++++ Source information ++++

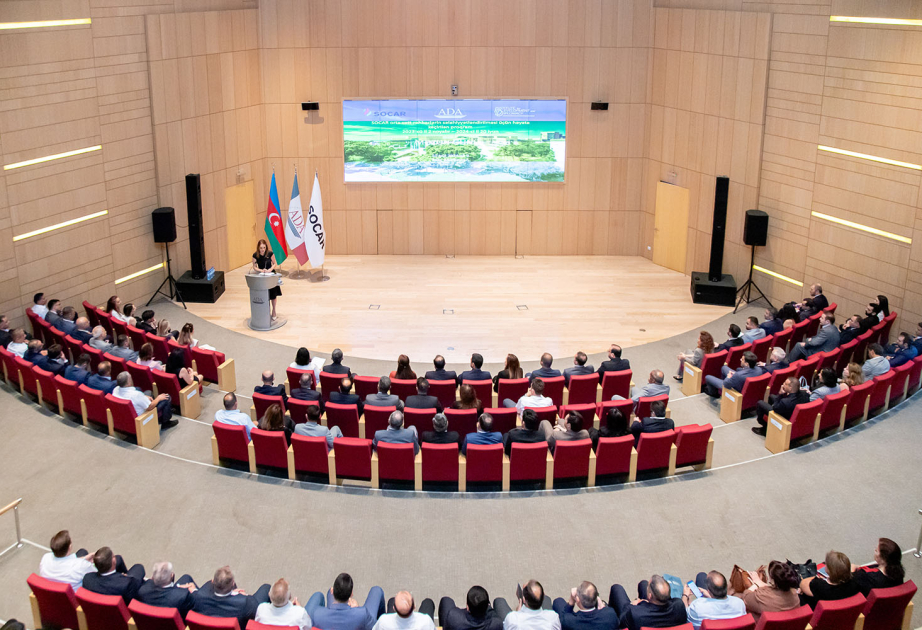 SOCAR-ın əməkdaşları üçün keçirilən təlim proqramı yekunlaşıb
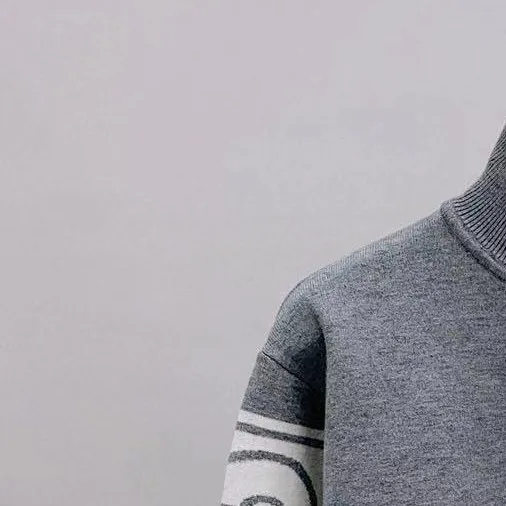 Women Letter Jacquard Knitted Sweater Autumn and Winter 2022 New Turtleneck Jumper Zipper Long Sleeve Female Pullover
Women Letter Jacquard Knitted Sweater Autumn and Winter 2022 New Turtleneck Jumper Zipper Long Sleeve Female Pullover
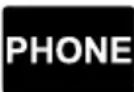 FORD F-350 Super Duty (2019) - Accessing the Phone Features - 1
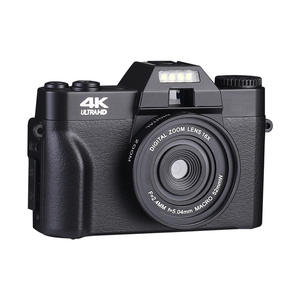 Cámara de vídeo Digital Vlog, Videocámara portátil 4K de alta definición con Zoom Digital 16X y WIFI para fotografía de <span class=keywords><strong>Facebook</strong></span> - Product Image 1
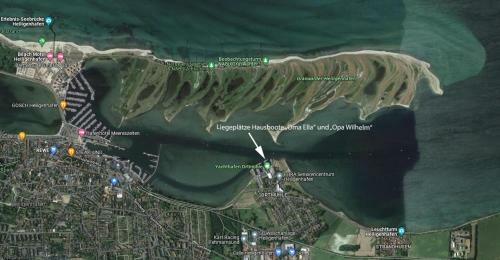 Exclusives Hausboot "opa Wilhelm"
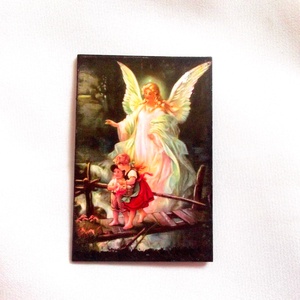 Magnet frigider cu ingeras 41912, Casă & Stil de viață, Accesorii pentru echipamente de bucătărie, Decorații de bucătărie, Magneți de frigider, Decoupage, transfer și tehnici șervețel, ARTYNOS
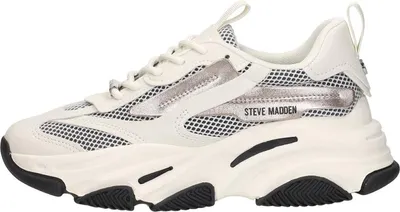 Image de Steve Madden Possession-E  Sneakers Laag - Gebroken wit - Maat 38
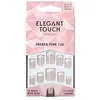 Image de Elegant Touch - French Nails - Pink - 126 - Short - Square Shape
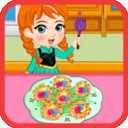 安娜做復(fù)活節(jié)點(diǎn)心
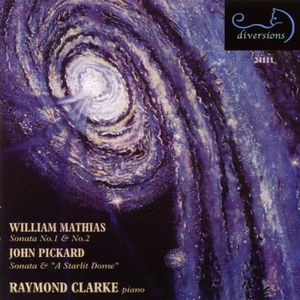 Sonata Nos 1 & 2 / Sonata / Starlit Dome , Raymond Clarke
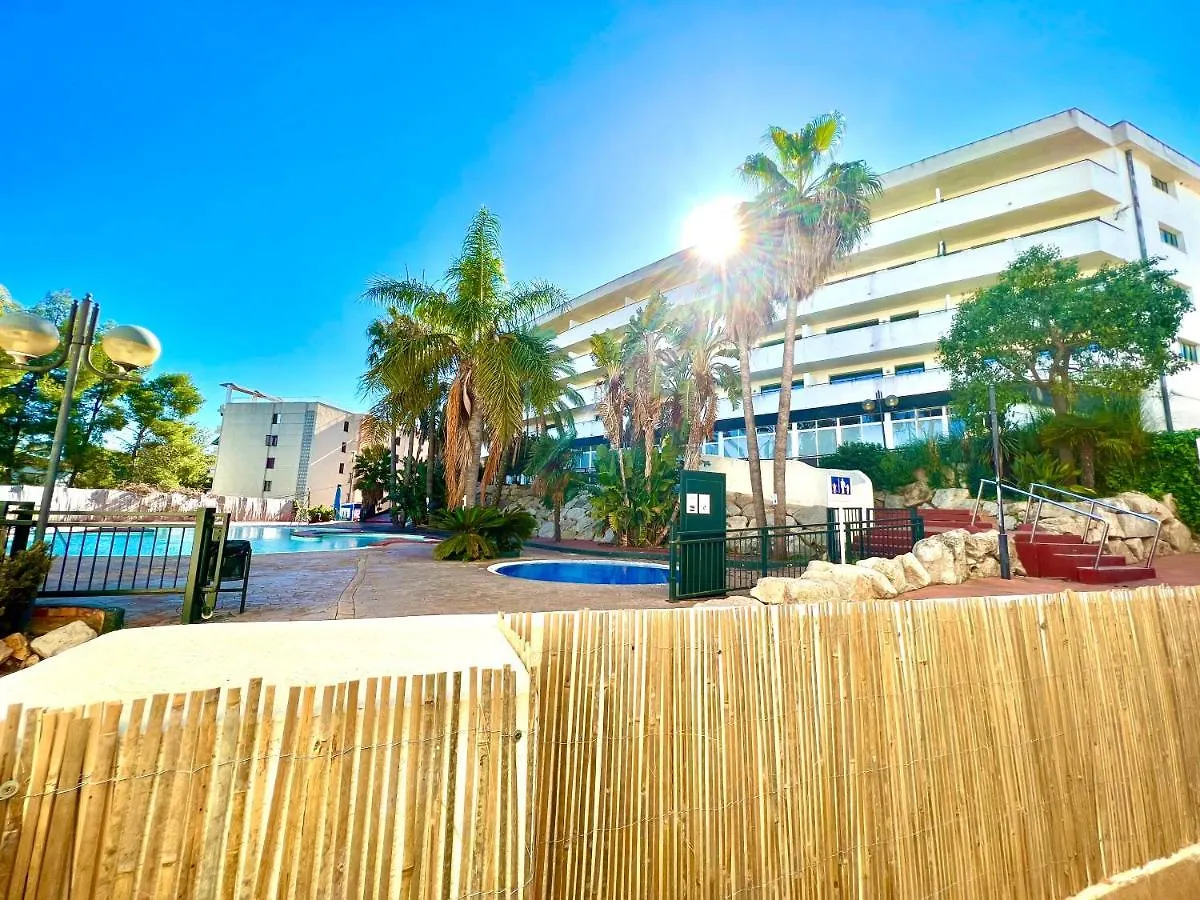 Precioso Apartament Familiar En Complejo Festival Village A 5 Min Port Aventura Salou Lejlighed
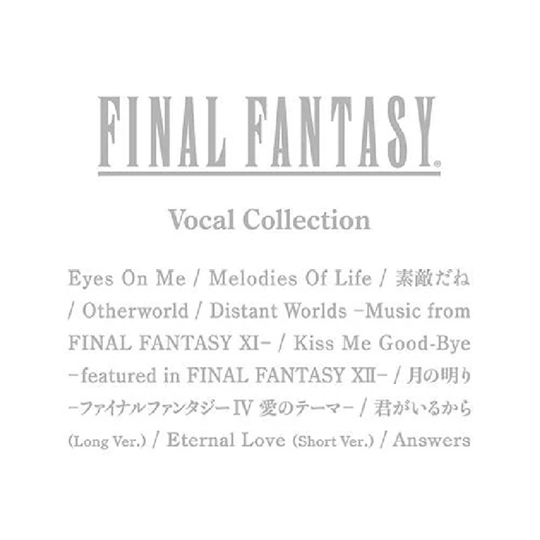 FINAL FANTASY Vocal coll.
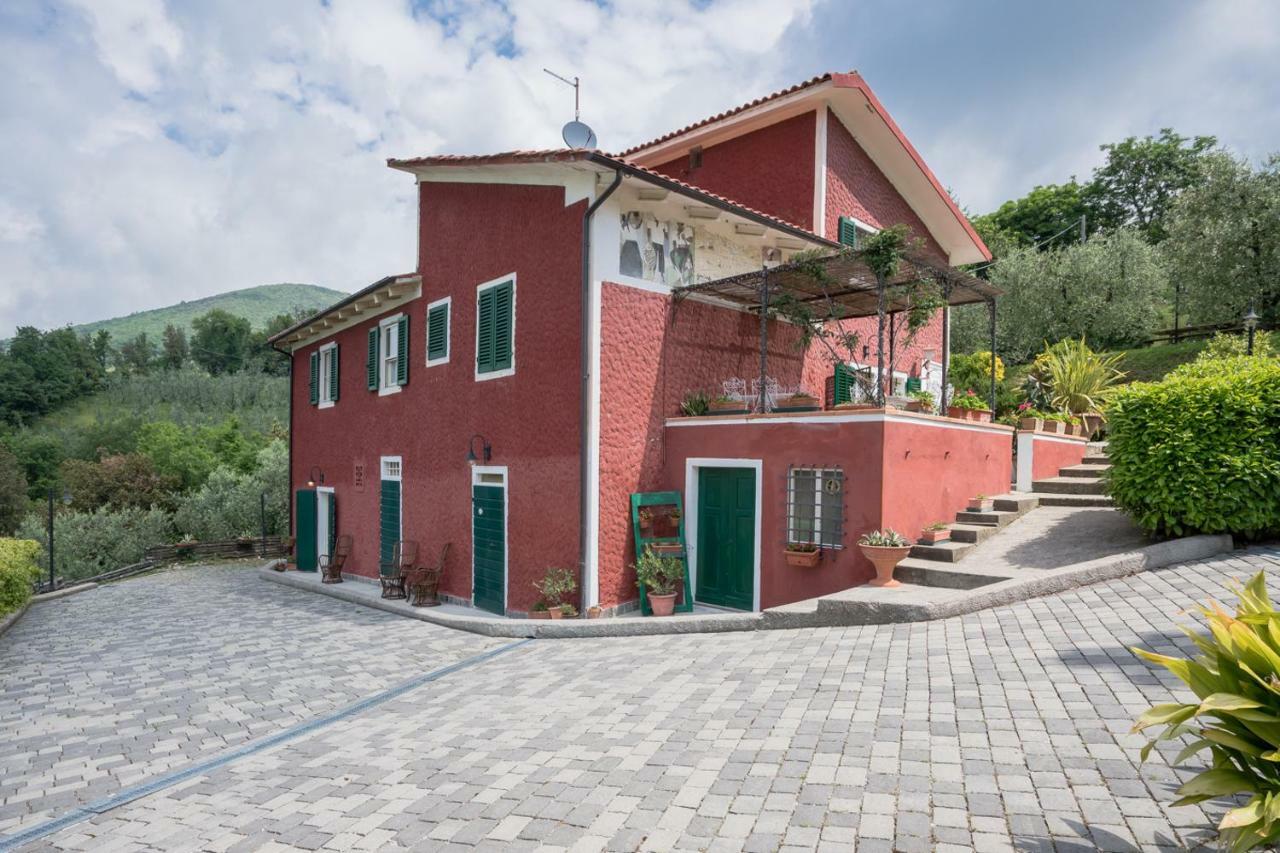 B&B Rosso Baccara Montevettolini Zewnętrze zdjęcie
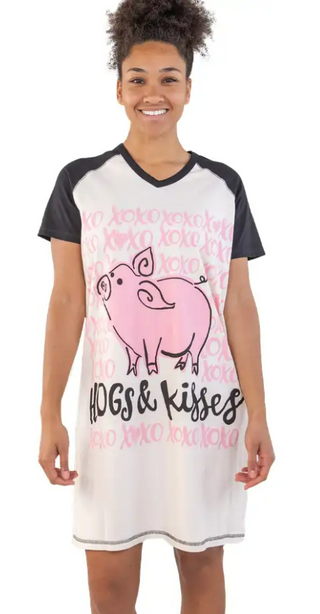 Hogs & Kisses Nightshirt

++++

- What the exercise asks: Pick up at the line that holds "B&B Rosso Baccara" and restate each line, word for word, through the last line of the entries. Include both end lines but none of the pictures.

- Exercise output:
 B&B Rosso Baccara Montevettolini Zewnętrze zdjęcie
 Hogs & Kisses Nightshirt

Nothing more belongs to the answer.